C'est le 13e et dernier épisode de "Aventures australes" : "L'île de la fraternité". La série sera remplacée jusqu'aux fêtes de Noël par "Sam Cade", un shérif qui se déplace à bord d'une jeep.

 

Pas de possibilité de regarder "Les Saintes chéries" en raison de mes horaires de collège, mais ce n'est pas grave.

 

A noter que de 15h à 16h45, Georges Pompidou monopolise les deux chaînes par une conférence de presse.

 

La 2 propose une version de plus des "Misérables" avec en Jean Valjean le comédien Georges Géret.
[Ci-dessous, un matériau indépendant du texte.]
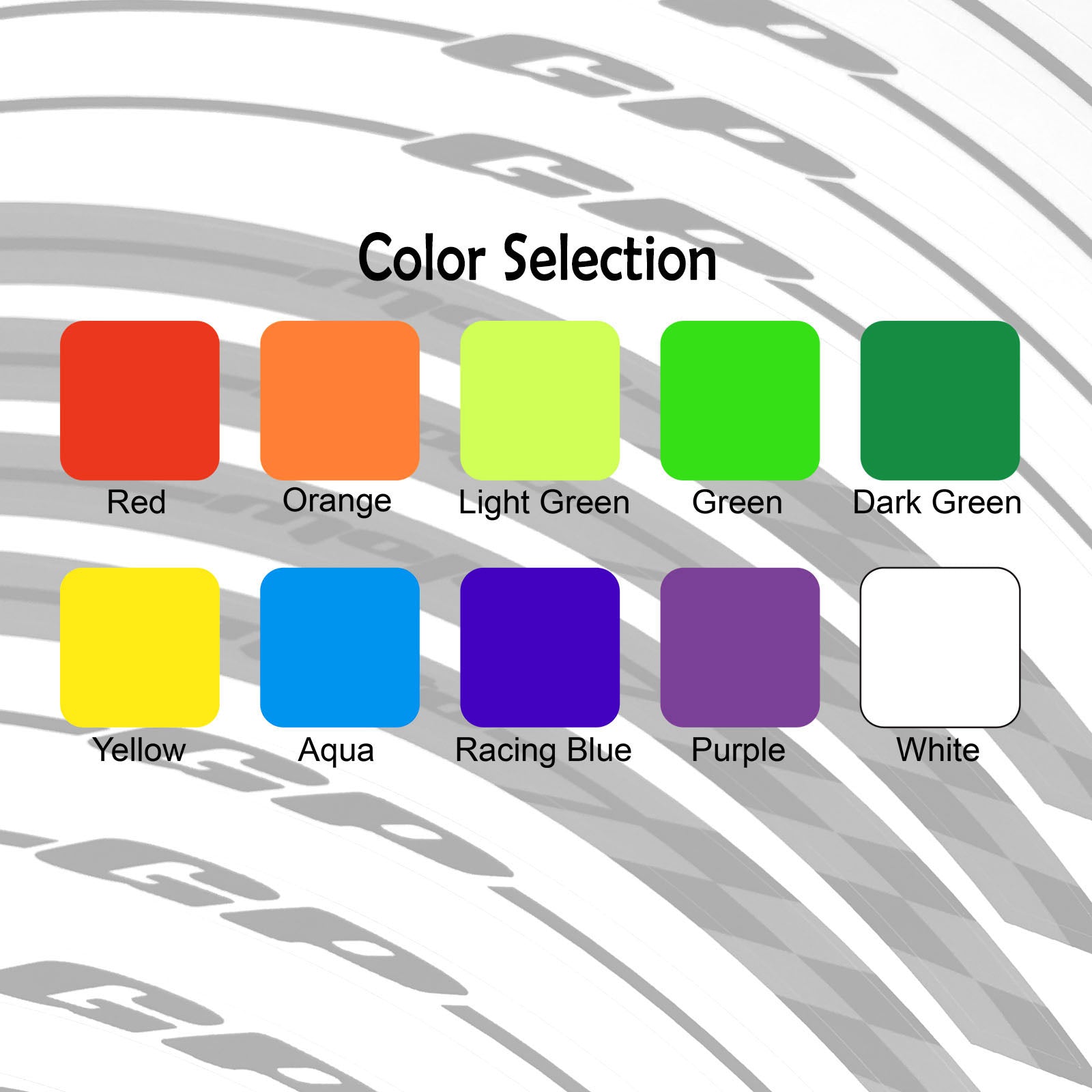 Moto GP Black Stripe 17 inch Wheel Front & Rear Rim Sticker Set - MC Motoparts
Elle sera vite oubliée.

 

Le toulousain Claude Nougaro devait passer en télévision mais pas à 20h30 chez Guy Lux mais à 22h20 sur la Une dans "A bout portant". L'émission est reportée au 20 octobre en raison d'une grève.

 

C'était l'hypocrisie de l'ORTF qui écartait toute une série de chanteurs des heures "grand public".

 

Je ne comprends toujours pas grand chose au feuilleton "Danse sur un arc en ciel".

 

Quarante ans après, je pense toujours à Muriel : j'ai fait un cauchemar cette nuit à propos des "Rois maudits" dans lequel Marguerite et Muriel étaient une seule et même personne. Je demandais justice pour son meurtre à Robert d'Artois et Charles de Valois. Il me semble que dans ce rêve, si j'aboutissais à la reconnaissance du crime, je pleurais. Pourtant il y a un moment que je n'ai pas revu "Les Rois maudits", je préfère revoir "La Princesse du rail" dans lequel Muriel apparaît plus.